Afin de pouvoir prévenir ces situations et sanctionner les comportements indésirables, il convient de mettre en place des pratiques de diversité et d’inclusion pour les personnes d’orientation sexuelle minoritaire. En 2010, une étude menée en Suisse romande avait montré que seules 39% des entreprises interrogées avaient mis en place de telles pratiques alors que, cinq ans plus tôt, la même étude menée aux Etats-Unis révélait que ces pratiques existaient dans 61% des entreprises. Le potentiel d’amélioration en matière de gestion de l’orientation sexuelle dans les entreprises suisses est donc relativement important.
(1) Parini, L. (2016), "Etre LGBT au travail: résultat d'une recherche en Suisse". Etude réalisée par l’Institut des Etudes genre de l’Université de Genève en collaboration avec la Fédération genevoise des associations lesbiennes, gay, bisexuelles et transgenres (LGBT)
Pourquoi et comment s’engager en matière de protection des personnes homosexuelles?
Il est légitime de se poser la question de la nécessité d’investir dans des programmes de diversité et d’inclusion pour une communauté qui semble peu représentée dans les entreprises. Néanmoins, certaines études suggèrent que les personnes homosexuelles pourraient représenter jusqu’à 10% de la force de travail. De ce fait, les entreprises auraient tort de sous-estimer l’importance de cette minorité simplement du fait que l’orientation sexuelle n’est pas un facteur visible.
L’engagement des entreprises en matière de diversité et d’inclusion peut également être motivé par des arguments financiers. Au regard de l’orientation sexuelle, le pouvoir d’achat de la communauté gay est estimé à plus de 790 milliards de dollars au niveau mondial. De plus, 78% de ses membres seraient prêts à changer de marque pour une qui serait « LGBT friendly ». Les entreprises peuvent donc non seulement diminuer leurs coûts en s’engageant sur ce thème mais aussi augmenter leurs bénéfices.

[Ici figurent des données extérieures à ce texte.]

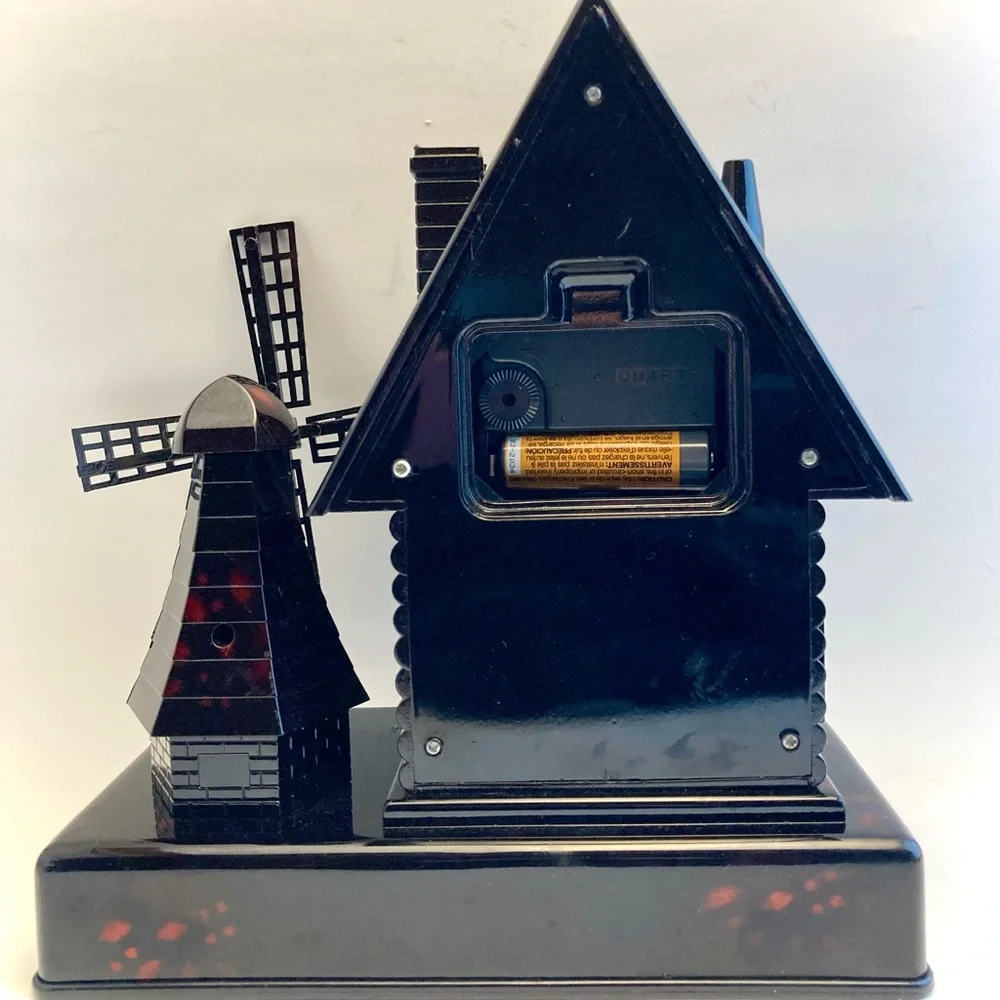 Black and Gold Windmill Music Box Clock - Unique Funky Goth - Picture 8 of 8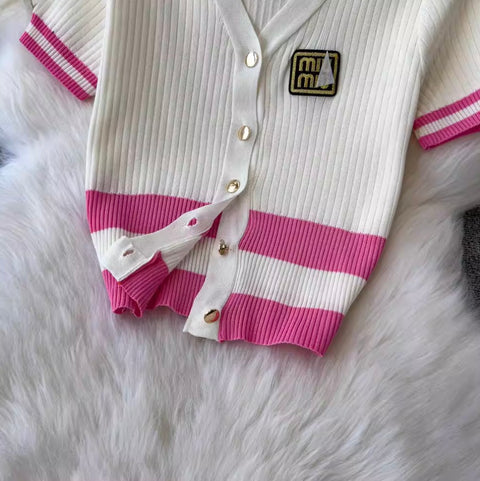 Embroidery Cardigan & Pleated Skirt 2Pcs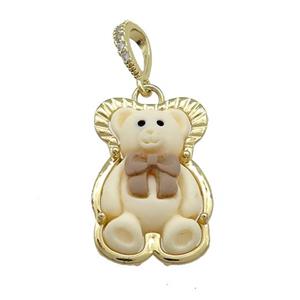 Khaki Resin Bear Pendant Gold Plated, approx 17-26mm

Cet engagement doit cependant être accompagné d’actes concrets comme une modification de la mission de l’entreprise en termes de diversité, l’élaboration et l’application d’une politique claire en matière de harcèlement et de discrimination, ainsi qu’une présence active au sein de la communauté LGBT et des causes qu’elle défend. Un groupe de travail spécialisé issu des associations faitières LOS, Pink Cross et Transgender Network Switzerland se tient à disposition des employeurs et de leurs employés pour les conseiller sur les meilleures façons d’adresser les questions liées à l’orientation sexuelle et à l’identité de genre au sein des entreprises.